Department of Gastroenterology and Hepatology, Musashino Red Cross Hospital, Tokyo, Japan.
Department of Gastroenterology and Hepatology, Tokyo Medical and Dental University, Tokyo, Japan.
PLoS One. 2020 Apr 20;15(4):e0231828. doi: 10.1371/journal.pone.0231828. eCollection 2020.
Lenvatinib is an approved first-line therapy for unresectable hepatocellular carcinoma (HCC), but the effect of dose modification on its efficacy is unclear.
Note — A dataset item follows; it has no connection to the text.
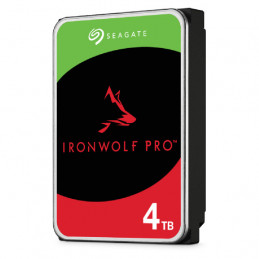 Seagate IronWolf Pro ST4000NT001 sisäinen kiintolevy 3.5" 4000 GB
We analyzed the relationship between the relative dose intensity during the initial 4 weeks of therapy [4W-relative dose intensity (RDI)] and the efficacy of lenvatinib therapy in the real-world setting. A total of 48 consecutive patients with unresectable HCC who received lenvatinib therapy for more than 4 weeks were included. The 4W-RDI was calculated as the cumulative dose in the initial 4 weeks divided by the weight-based standard dose, and we evaluated its association with overall survival (OS) and best response by modified Response Evaluation Criteria in Solid Tumor (mRECIST). The baseline factors predicting high 4W-RDI were analyzed further. The median durations of follow-up and of therapy among the 48 participants were 7.6 and 6.6 months, respectively. The median OS was not reached. Drug interruption and/or dose reduction were necessary in 30 patients (62.5%) and the median 4W-RDI was 70% (range 22%-100%). Patients with 4W-RDI ≥70% had longer OS [hazard ratio (HR) 0.28, 95% confidential interval (CI):0.09-0.90, p = 0.03], and longer duration of lenvatinib therapy (HR 0.39, 95%CI:0.16-0.92, p = 0.03). Patients with 4W-RDI ≥70% showed higher disease control rate compared to those with 4W-RDI <70% (91.7% vs. 54.2%, p = 0.008). A baseline albumin level >3.4g/dL or ALBI score less than -2.171 were significantly associated with achieving 4W-RDI ≥70%. In conclusion, 4W-RDI of lenvatinib therapy is associated with favorable radiological response and longer OS.
仑伐替尼是不可切除肝细胞癌 (HCC) 的一线治疗药物,但剂量调整对其疗效的影响尚不清楚。我们分析了治疗初始 4 周期间相对剂量强度 (4W-relative dose intensity [4W-RDI]) 与仑伐替尼治疗的疗效之间的关系,该研究是在真实环境下进行的。共纳入 48 例接受仑伐替尼治疗超过 4 周的不可切除 HCC 连续患者。4W-RDI 计算为初始 4 周的累积剂量除以基于体重的标准剂量,并通过改良实体瘤反应评价标准 (mRECIST) 评估其与总生存期 (OS) 和最佳反应的关系。进一步分析了预测 4W-RDI 较高的基线因素。48 名参与者的中位随访和治疗时间分别为 7.6 个月和 6.6 个月。中位 OS 未达到。30 名患者 (62.5%) 需要中断药物治疗和/或减少剂量,中位 4W-RDI 为 70% (范围 22%-100%)。4W-RDI≥70%的患者 OS 更长 [风险比 (HR) 0.28,95%置信区间 (CI):0.09-0.90,p=0.03],且仑伐替尼治疗持续时间更长 (HR 0.39,95%CI:0.16-0.92,p=0.03)。4W-RDI≥70%的患者疾病控制率高于 4W-RDI<70%的患者 (91.7% vs. 54.2%,p=0.008)。基线白蛋白水平 >3.4g/dL 或 ALBI 评分 < -2.171 与达到 4W-RDI≥70%显著相关。总之,仑伐替尼治疗的 4W-RDI 与有利的影像学反应和更长的 OS 相关。